• **What the exercise asks**:
From the records below, print exactly the lines starting at the one containing "Photo of Woman Smiling While Wearing Dress" and ending at the one containing "Mother and daughter", ends included, and nothing else.

• **Data for analysis**:
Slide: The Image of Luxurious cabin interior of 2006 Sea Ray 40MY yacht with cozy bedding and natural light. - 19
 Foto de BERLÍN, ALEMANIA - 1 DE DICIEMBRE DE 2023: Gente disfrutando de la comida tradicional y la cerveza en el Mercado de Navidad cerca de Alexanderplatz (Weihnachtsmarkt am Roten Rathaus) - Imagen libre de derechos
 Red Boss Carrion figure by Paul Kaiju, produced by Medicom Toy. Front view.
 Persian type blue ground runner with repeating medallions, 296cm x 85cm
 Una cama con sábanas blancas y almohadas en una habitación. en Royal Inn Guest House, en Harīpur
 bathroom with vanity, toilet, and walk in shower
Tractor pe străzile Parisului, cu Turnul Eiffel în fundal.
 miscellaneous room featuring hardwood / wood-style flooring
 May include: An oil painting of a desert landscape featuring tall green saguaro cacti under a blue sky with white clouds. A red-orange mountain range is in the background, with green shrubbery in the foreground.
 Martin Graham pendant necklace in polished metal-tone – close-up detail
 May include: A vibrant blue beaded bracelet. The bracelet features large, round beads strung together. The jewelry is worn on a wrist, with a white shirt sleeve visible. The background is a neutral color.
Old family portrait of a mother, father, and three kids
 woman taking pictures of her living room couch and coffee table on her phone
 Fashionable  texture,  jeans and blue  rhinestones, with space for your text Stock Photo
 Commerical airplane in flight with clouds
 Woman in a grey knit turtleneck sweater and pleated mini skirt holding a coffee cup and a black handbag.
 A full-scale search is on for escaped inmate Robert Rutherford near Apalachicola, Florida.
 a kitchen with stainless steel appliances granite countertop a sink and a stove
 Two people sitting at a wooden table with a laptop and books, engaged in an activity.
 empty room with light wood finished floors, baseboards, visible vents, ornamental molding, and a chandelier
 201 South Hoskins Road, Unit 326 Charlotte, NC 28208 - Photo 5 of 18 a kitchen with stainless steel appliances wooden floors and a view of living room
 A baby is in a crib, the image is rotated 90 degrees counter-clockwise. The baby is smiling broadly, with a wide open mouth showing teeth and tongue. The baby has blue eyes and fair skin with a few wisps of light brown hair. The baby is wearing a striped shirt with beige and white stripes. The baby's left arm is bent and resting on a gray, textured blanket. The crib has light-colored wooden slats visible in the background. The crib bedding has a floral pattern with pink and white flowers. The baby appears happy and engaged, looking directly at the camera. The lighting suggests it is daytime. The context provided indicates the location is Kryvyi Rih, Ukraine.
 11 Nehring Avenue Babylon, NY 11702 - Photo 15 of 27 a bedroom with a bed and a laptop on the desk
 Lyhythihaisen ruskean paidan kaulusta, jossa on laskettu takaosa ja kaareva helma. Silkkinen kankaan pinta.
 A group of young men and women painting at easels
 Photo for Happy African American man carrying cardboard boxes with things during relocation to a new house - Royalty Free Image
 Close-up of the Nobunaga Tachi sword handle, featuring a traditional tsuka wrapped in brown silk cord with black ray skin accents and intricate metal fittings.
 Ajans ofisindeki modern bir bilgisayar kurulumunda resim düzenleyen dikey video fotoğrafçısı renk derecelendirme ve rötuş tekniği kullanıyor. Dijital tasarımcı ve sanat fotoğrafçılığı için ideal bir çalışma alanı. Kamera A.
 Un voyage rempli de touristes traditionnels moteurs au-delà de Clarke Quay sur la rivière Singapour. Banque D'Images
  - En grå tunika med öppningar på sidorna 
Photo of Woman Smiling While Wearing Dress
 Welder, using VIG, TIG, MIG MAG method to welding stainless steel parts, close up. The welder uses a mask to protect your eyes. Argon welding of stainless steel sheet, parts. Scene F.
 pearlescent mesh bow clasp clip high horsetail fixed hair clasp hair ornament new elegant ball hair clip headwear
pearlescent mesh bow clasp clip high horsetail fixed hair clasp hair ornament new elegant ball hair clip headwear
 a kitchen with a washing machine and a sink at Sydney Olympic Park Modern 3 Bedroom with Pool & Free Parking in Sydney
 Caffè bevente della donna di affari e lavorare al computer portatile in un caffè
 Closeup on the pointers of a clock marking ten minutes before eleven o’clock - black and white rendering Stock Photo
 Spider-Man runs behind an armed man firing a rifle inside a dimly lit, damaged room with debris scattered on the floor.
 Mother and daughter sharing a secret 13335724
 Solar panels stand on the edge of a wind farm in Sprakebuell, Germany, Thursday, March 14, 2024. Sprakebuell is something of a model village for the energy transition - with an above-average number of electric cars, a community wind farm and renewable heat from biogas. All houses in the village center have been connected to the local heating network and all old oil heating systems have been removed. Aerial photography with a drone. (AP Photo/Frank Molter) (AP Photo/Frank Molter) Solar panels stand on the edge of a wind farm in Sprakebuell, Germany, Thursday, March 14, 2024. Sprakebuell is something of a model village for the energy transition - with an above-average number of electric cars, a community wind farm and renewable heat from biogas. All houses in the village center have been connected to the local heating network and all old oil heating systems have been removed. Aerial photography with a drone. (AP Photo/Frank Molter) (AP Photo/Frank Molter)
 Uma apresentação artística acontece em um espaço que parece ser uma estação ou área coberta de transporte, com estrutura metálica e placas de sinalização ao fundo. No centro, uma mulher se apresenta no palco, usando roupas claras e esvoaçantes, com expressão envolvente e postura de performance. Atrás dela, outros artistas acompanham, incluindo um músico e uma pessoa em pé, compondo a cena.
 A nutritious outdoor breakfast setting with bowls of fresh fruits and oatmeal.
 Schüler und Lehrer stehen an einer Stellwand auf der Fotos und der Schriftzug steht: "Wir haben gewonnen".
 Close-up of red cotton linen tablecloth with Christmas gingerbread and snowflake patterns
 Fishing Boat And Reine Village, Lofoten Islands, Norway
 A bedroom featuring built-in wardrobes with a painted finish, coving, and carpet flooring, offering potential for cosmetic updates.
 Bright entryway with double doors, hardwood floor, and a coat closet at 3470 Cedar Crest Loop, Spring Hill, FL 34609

• **Worked solution**:
Photo of Woman Smiling While Wearing Dress
 Welder, using VIG, TIG, MIG MAG method to welding stainless steel parts, close up. The welder uses a mask to protect your eyes. Argon welding of stainless steel sheet, parts. Scene F.
 pearlescent mesh bow clasp clip high horsetail fixed hair clasp hair ornament new elegant ball hair clip headwear
pearlescent mesh bow clasp clip high horsetail fixed hair clasp hair ornament new elegant ball hair clip headwear
 a kitchen with a washing machine and a sink at Sydney Olympic Park Modern 3 Bedroom with Pool & Free Parking in Sydney
 Caffè bevente della donna di affari e lavorare al computer portatile in un caffè
 Closeup on the pointers of a clock marking ten minutes before eleven o’clock - black and white rendering Stock Photo
 Spider-Man runs behind an armed man firing a rifle inside a dimly lit, damaged room with debris scattered on the floor.
 Mother and daughter sharing a secret 13335724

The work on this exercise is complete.